Aim of the exercise =>
The response should repeat word for word every line below from the one with "Vermont Servierwagen Küchenwagen" to the one with "paliotto di Ragazzini", inclusive, and nothing else; leave pictures out.

Input records =>
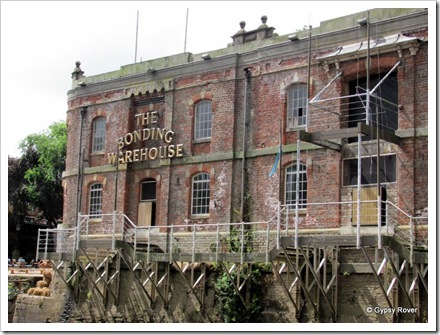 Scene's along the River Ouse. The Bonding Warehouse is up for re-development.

==

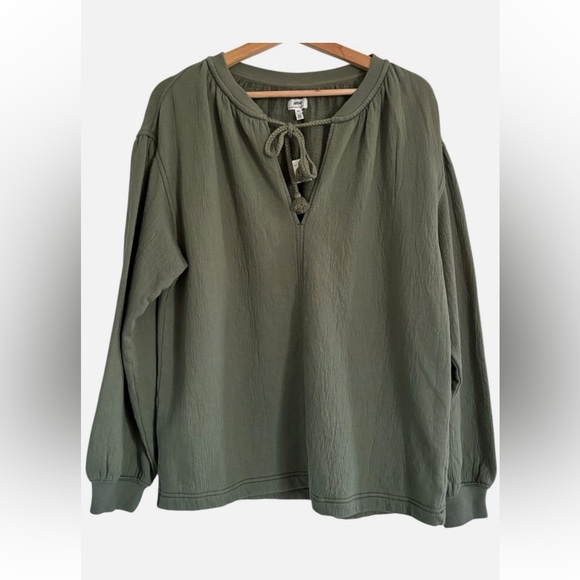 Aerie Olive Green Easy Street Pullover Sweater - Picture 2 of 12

---

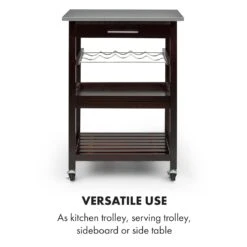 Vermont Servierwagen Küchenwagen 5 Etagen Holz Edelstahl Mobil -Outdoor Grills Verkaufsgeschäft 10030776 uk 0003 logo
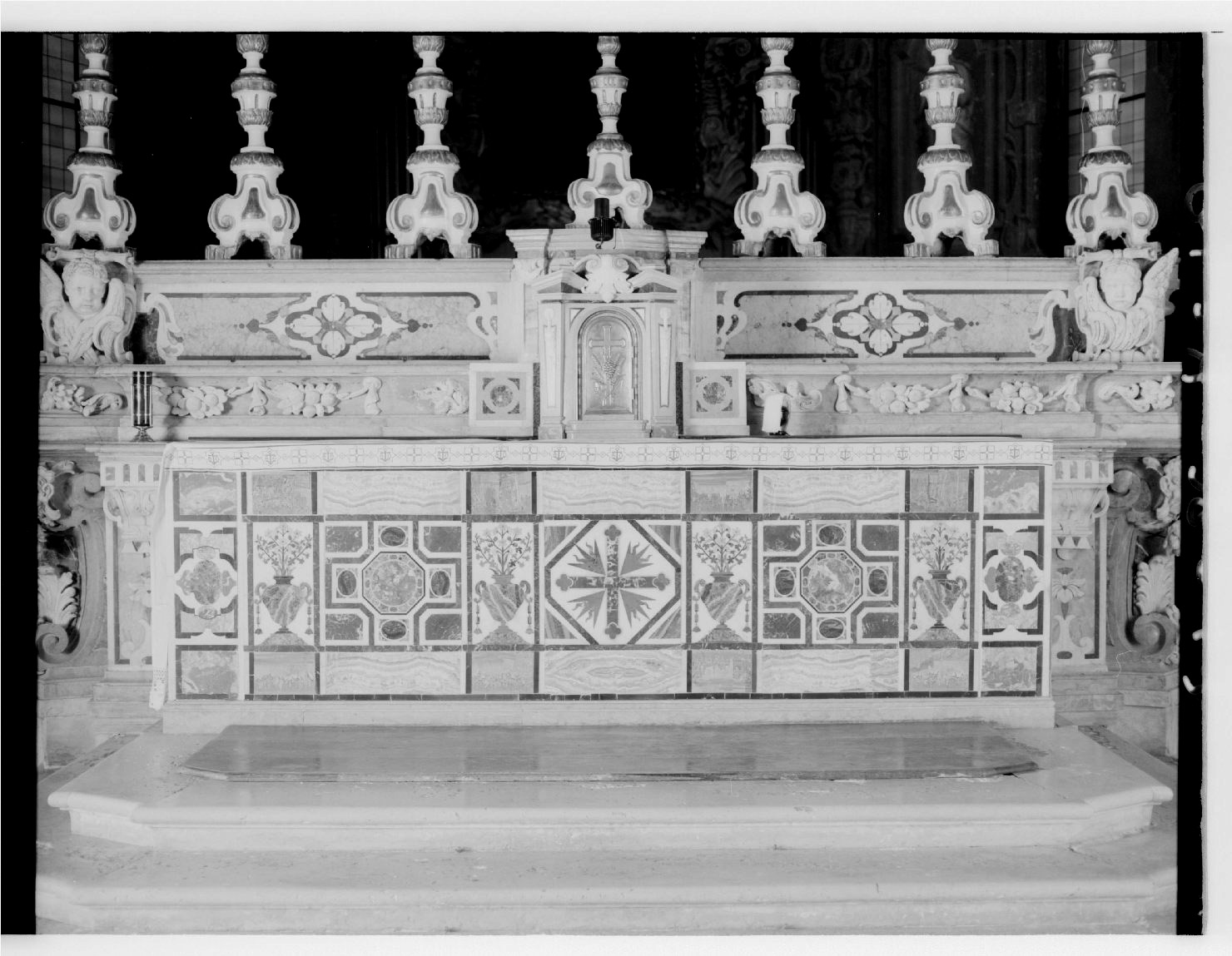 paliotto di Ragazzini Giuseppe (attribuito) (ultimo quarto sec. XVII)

Response below =>
 Vermont Servierwagen Küchenwagen 5 Etagen Holz Edelstahl Mobil -Outdoor Grills Verkaufsgeschäft 10030776 uk 0003 logo
 paliotto di Ragazzini Giuseppe (attribuito) (ultimo quarto sec. XVII)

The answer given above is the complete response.